Es mangelt nicht an Verschwörungstheorien rund um Arafats Tod und seiner vermeintlichen „Vergiftung“. Dabei war es damals überhaupt kein Problem, sich Arafat zu nähern oder ihm gar Gift in die Suppe zu schütten. Seine Personenschützer baten Journalisten nur, ihr Handy abzuliefern, nachdem der israelische Mossad den Erzterroristen Jehie Ajasch im Gazastreifen mit einem Sprengstoff gefüllten Handy gezielt getötet hatte. Arafats Leibwächter warfen keinen Blick in mitgebrachte große Taschen, in denen man unbemerkt sogar Handgranaten oder eine Pistole in den Saal bringen können, in dem das Treffen mit Arafat stattfand. Der Palästinenserführer hatte zudem die eigentümliche Angewohnheit, seine Speisen und sogar seine Suppe mit Gästen zu teilen.

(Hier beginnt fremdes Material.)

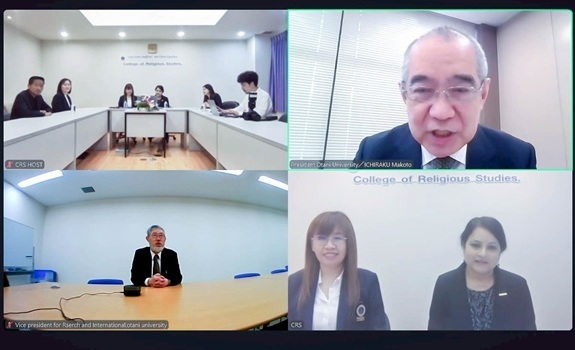 オンラインで挨拶を述べる一楽学長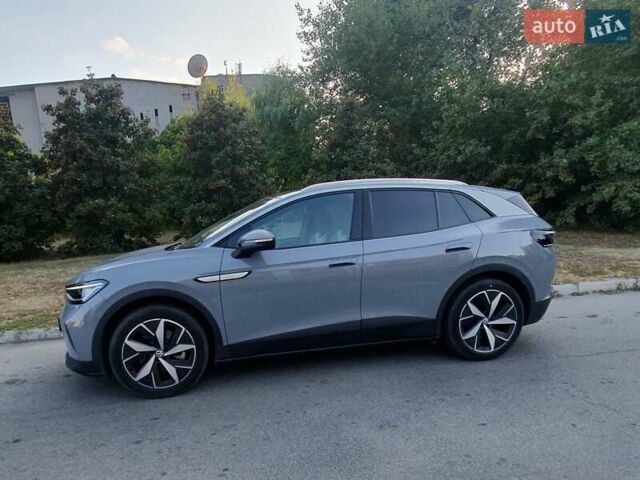Серый Фольксваген ID.4, объемом двигателя 0 л и пробегом 53 тыс. км за 21800 $, фото 1 на Automoto.ua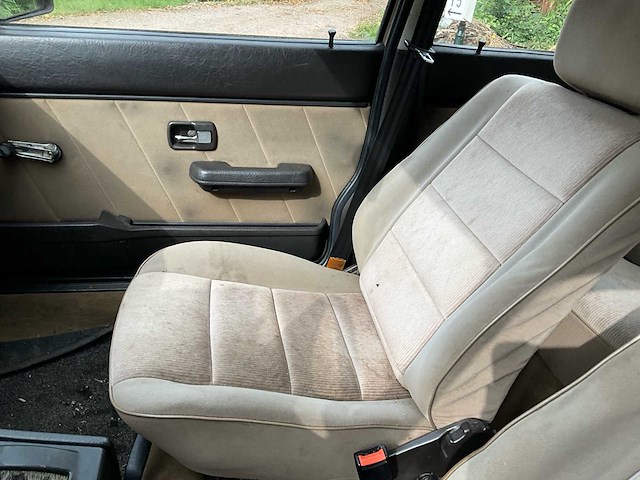 1985 audi 80 1.6 personenauto - afbeelding 16 van  31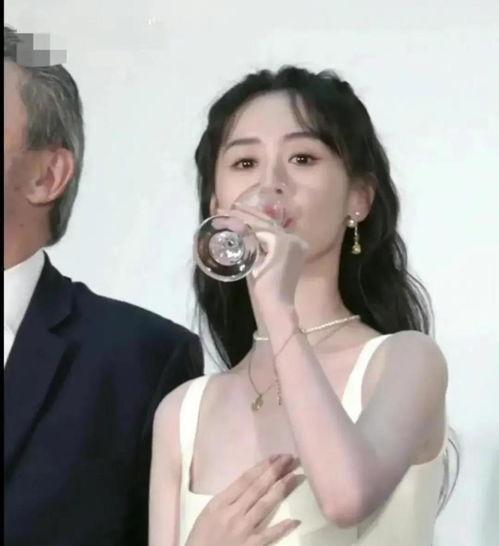 娱乐吃瓜秀酱,揭秘娱乐圈幕后故事，带你领略明星真实生活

Die Autonomiebehörde hat inzwischen erklärt, dass sie die Überreste Arafats zwecks Autopsie exhuminieren wolle. Chefverhandler Saeb Ereket sagte, dass das nur Sinn mache, wenn eine internationale Kommission an den Untersuchungen beteiligt werde. Die Hamas in Gaza hat eine Untersuchung der Leiche Arafats gefordert, weil sich dann herausstellen werde, dass er von seinen eigenen Leuten, also der heute von Mahmoud Abbas geleiteten Autonomiebehörde ermordet worden sei. Denn die habe die Verantwortung für die Sicherheit Arafats getragen.
Arafats Sarg aus seinem Grab zu holen, dürfte kein großes Problem sein, denn zur Zeit wird sein Mausoleum wieder einmal umgebaut. Das Grabmal war zunächst ein Glaskasten, ein Holzverhau und dann ein Monument mit Wasserteich. Zur Zeit ist sein Grabmal wieder eingerüstet und für Pilger nicht zugänglich. Die Umbauten von Arafats Grabmal wurden zeitweilig mit EU-Geldern finanziert.